Bardzo bym chciał, ale w ostatnim roku w rankingu szanghajskim nie znaleźliśmy się nawet wśród tysiąca najlepszych uniwersytetów. W poprzednim, w 2023 roku, byliśmy na pozycji między 901 a 1000. W związku z tym, bardziej realistycznym zadaniem jest znalezienie się na stałe w tym rankingu i pięcie się po drabinie od dziesiątej setki do dziewiątej, a potem może do ósmej. Nie wydaje mi się, aby skokowa zmiana i znalezienie się w pierwszej setce były możliwe w krótkim czasie.
Co może być najtrudniejsze w tej kadencji?
Są różne wyzwania stojące przed uczelniami, a medycznymi – w szczególności. Wśród nich wymieniłbym konieczność utrzymania i rozwoju odpowiedniej ilości i jakości kadry akademickiej, rozwój klinicznej i laboratoryjnej bazy kształcenia oraz elastyczne dopasowywanie charakteru i formy zajęć do zmieniających się potrzeb.

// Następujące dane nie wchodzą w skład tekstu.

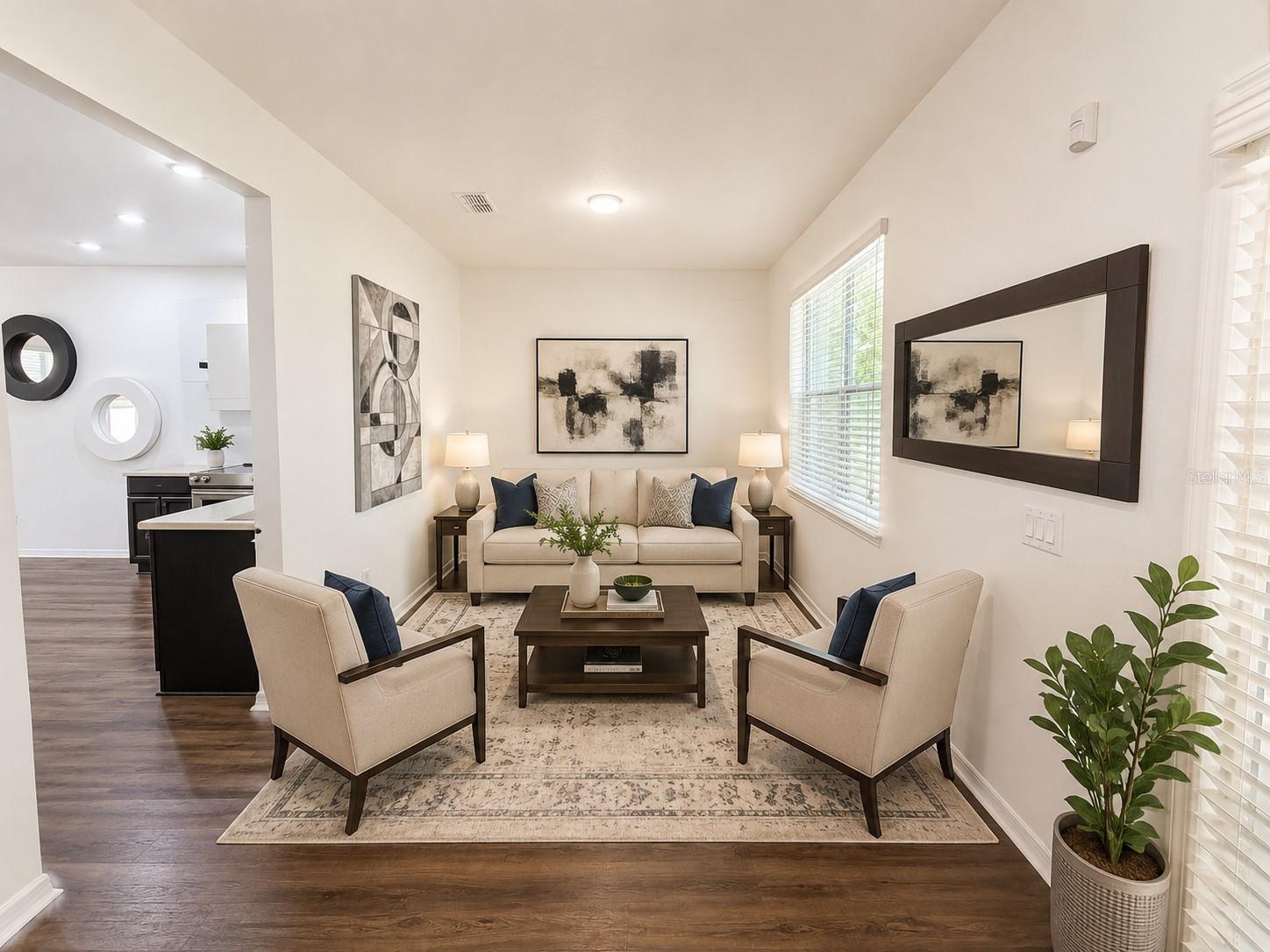 12210 LANGSTAFF DR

Na przykład – jeszcze kilka czy kilkanaście lat temu dostęp do pacjenta nie stanowił problemu. Obecnie część chorych, m.in. rodzice chorujących dzieci, odmawia możliwości badania przez studentów. Do nauki różnych czynności medycznych musimy więc wykorzystywać pacjentów symulowanych, symulatory, trenażery czy fantomy. Wiążę się to z koniecznością dodatkowych zakupów oraz wysokimi kosztami utrzymania tych urządzeń.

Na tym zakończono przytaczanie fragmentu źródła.